È quindi evidente l’importanza dell’ottenimento o del possesso di una certificazione rilasciata da un Ente di Certificazione Accreditato da Accredia secondo la norma UNI 11697 che definisce le competenze dei professionisti della privacy.
Pur non essendo obbligatoria per ricoprire il ruolo di DPO, la certificazione è un utile strumento:

• per quelle imprese che si trovano a dover dimostrare di aver scelto la figura professionale più adatta al compito (ad esempio, nel corso di una possibile causa legale è la prova tangibile, per il titolare dei dati, di aver osservato il presupposto dell’accountability)
• per i professionisti, quando hanno necessità di attestare le proprie competenze in materia.
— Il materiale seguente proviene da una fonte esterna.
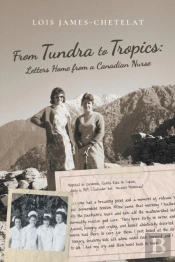 From Tundra To Tropics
Torniamo, dunque, all’inizio e alle ragioni che spingono ad assumere un DPO certificato o le cui capacità sono comprovate. Oltre ai vantaggi e alla sicurezza in caso di contenzioso, inserire nella propria struttura un DPO significa avere una figura in grado di svolgere funzioni di coordinamento tra aree e settori operativi differenti, capace di rendere omogeneo e coerente lo standard di certe procedure, rendendo più fluidi alcuni processi aziendali.
Insomma, elementi che si riflettono positivamente sull’intera organizzazione.